Sousse is a bit different. It comes with a number and another word: Interzonal. I can’t hear or read "Sousse" any more without mentally adding "Interzonal 1967" at the end.

Fischer dropping out, going back and then quitting for good - but playing that game in the King’s Indian Attack against Myagmarsuren before he legged. The tournament may have taken place a year before I was born, but these are the things that come to mind when I hear or read of Sousse. Not that I did hear about the town very often before Friday.



White to play


It seems there was only one king and pawn ending at the Sousse Interzonal. It lasted precisely one and a half moves.

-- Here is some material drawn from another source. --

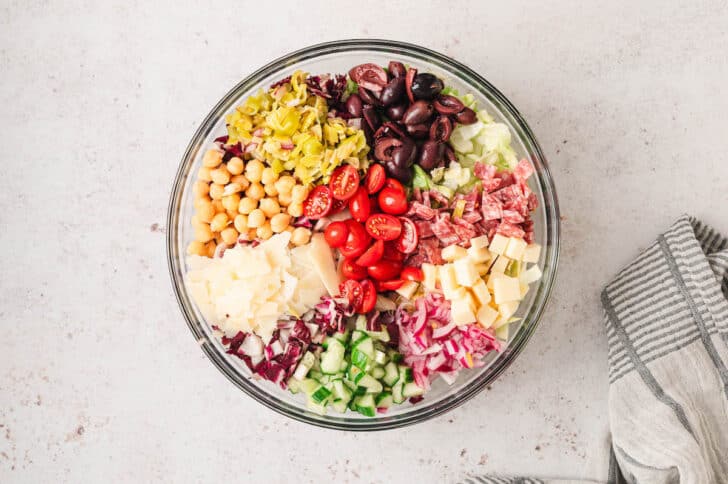 Chopped radicchio, lettuce, Provolone, salami, tomatoes, chickpeas, cucumber, onion, Parmesan, pepperoncini and olives in a glass bowl.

It's not tremendously difficult to evaluate the consequences of trading down. Not even for an average club chesser. I assume, therefore, that the pawn ending only happened at all because Reshevsky was in zeitnot as usual and that it was only on reaching the control after

59 Bxc4 bxc4, 60 Kxc4 Kc6, 61 Kd4

that he found he had time enough to resign.





Sousse? No.

Sousse Interzonal 1967. That’s how it’s been and - some twat with a rifle or otherwise - that’s how it’s going to stay.


King and pawn Index




With thanks to Angus


1 comment:

an ordinary chessplayer said...

Not sure about the time pressure angle. In those days the time control would have been 40 in 2.5, adjournment, followed by two controls of 17 in 1 before the second adjournment. Or something like that. Reshevsky was a well-known bitter-ender, that's the simpler and more likely explanation.